Sunday, August 9, 2020

One Hit No More, No. 36: Crazy Elephant, Just Some Welsh Mining and Music Enthusiasts

The first image in google's search. Fer reals, 08 09 2020
The Hit
Crazy Elephant came, literally, out of nowhere in 1969 with a hit that reached No. 12 on both sides of the English-speaking Atlantic Ocean, “Gimme Gimme Good Lovin’.” It opens on a bass line thrumming over a marching rhythm; an electric organ comes in next, almost like horns, and the “soulful” vocals carry forward the tune with American geography for a motif. Conceptually, it borrows from The Beach Boys’ “California Girls” up to the line of owing royalties, but it’s clearly a different song…

…still pure pop confection, circa 1969, but a different song all the same.

The Rest of the Story
“Despite the single's success, however, Crazy Elephant failed to reach the charts again, instead becoming yet another interchangeable cog in the Kasenetz-Katz hit machine.”

AllMusic rarely dives all that deep into anyone, but they had to stretch Crazy Elephant’s story just to get a paragraph out of it. There isn’t a lot to add about this band, specifically, beyond a handful of names and about 15 songs.

They “Kasenatz-Katz hit machine” refers to Jerry Kasenatz and Jeffry Katz and their Super K Productions outfit that operated under the Buddah Records label - a name regular followers of this series (also, are there any?) might recognize from The Lemon Pipers’ frustration with the same label and some of the seem people. Kasenatz and Katz first met as undergrads at the University of Arizona where, reading between the lines of the sources I read, they did not major in music. When they decided to go into business as producers, the music didn’t motivate them as much as the money. Crazy Elephant came out of the “bubblegum pop” mini-genre - and I found a straight-up awesome post that interested parties can lose themselves in for, oh, a solid half-hour minimum - but they were nothing more or less than the next attempt to sell sugary pop music to a public burning out on songs about war, politics, and the Summer of Love. For anyone unfamiliar with the term “bubblegum pop,” it’s a form you’ve heard countless times over your life, only with a different name. As for its ethos:

“Power pop aims for your heart and your feet. Bubblegum aims for any part of your body it can get, as long as you buy the damn record.”
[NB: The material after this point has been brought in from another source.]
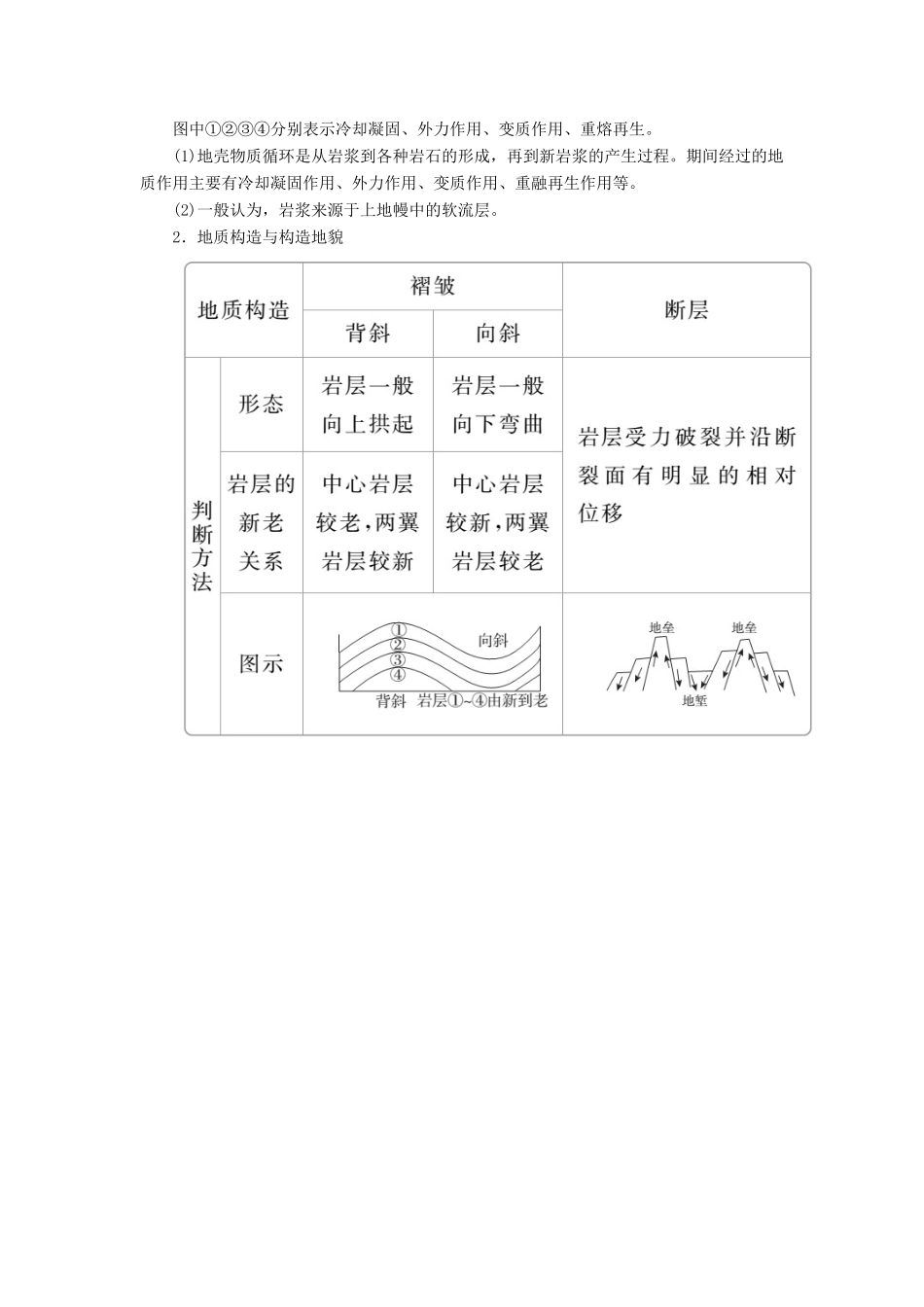 （全国通用）高考地理二轮复习 第一篇 专题与热点 专题一 自然地理事物的特征、规律、原理 第4讲 地壳及其运动教学案-人教版高三全册地理教学案_第2页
As for Crazy Elephant, specifically, the balance of the of the band came from the “Marzano-Calvert Studio Band," aka, the in-house session talent employed by Super K Productions. Only two/three members had a life before or after and outside a studio - Robert Spencer, on the mic for “Gimme Gimme Good Lovin’” started with the successful doo-wop group, The Cadillacs (whattheysoundedlike ("like" is solid)), while acquaintance of the band, Kevin Godley, who only seemed to sing on “There Ain’t No Umbopo,” found later, long-term success with 10cc (wait for it...), and, finally, Kenny Cohen did back-up work with some heavies (e.g., The Eagles, Santana, Rod Stewart, and B.B King; he plays flute and sax) - the rest, honored hereafter, don’t appear to have long resumes on either side of Crazy Elephant: Bob Avery (drums; played with another Kasenatz-Katz outfit); Larry Laufer (keyboards, vocals), Hal King (…more vocals?), Ronnie Bretone (bass, but only for touring; Norman Marzano played bass on the recording of “Gimme Gimme.”

I think that’s it, honestly. The only way I can think to add something is to poke around 10cc (which I already have and…eh, so far), or around The Cadillacs, only then I wouldn’t be talking about Crazy Elephant. On the plus side, I…think I’ve publicly committed to a bubblegum pop post/history, so I’ll dig into that material a little more over the next couple weeks. But, yeah, Crazy Elephant is all done.

About the Sampler
For the ___th time running, and longer than I like, Crazy Elephant doesn’t have enough material for a sampler. They only put out the one, eponymous album. Moreover, it sounds like an “oh shit, that worked? What haven’t we recorded yet?” assortment of songs - e.g., an over-dramatic, organ-fronted reworking of “Respect” starts the album and passes from there to “Gimme Gimme” by way of music that sounds more (e.g., “Sunshine, Red Wine” and “My Baby (Honey Pie)”) or less (e.g., “Love Strike,” which borrows from Cream (wait for the bridge), or “Come to the Farm”…which I’m still working on) like their singular hit. Crazy Elephant was less a band with a sound, vision or sensibility, in other words, than a production team running after hit singles with a divining rod…

…that said, kicking off the album with Crazy Elephant’s grueling spin on (probably) Aretha Franklin’s respect makes a good stand-in for the broad shakiness of the concept…wait, have I not mentioned they were originally marketed as a group of Welsh coal miners?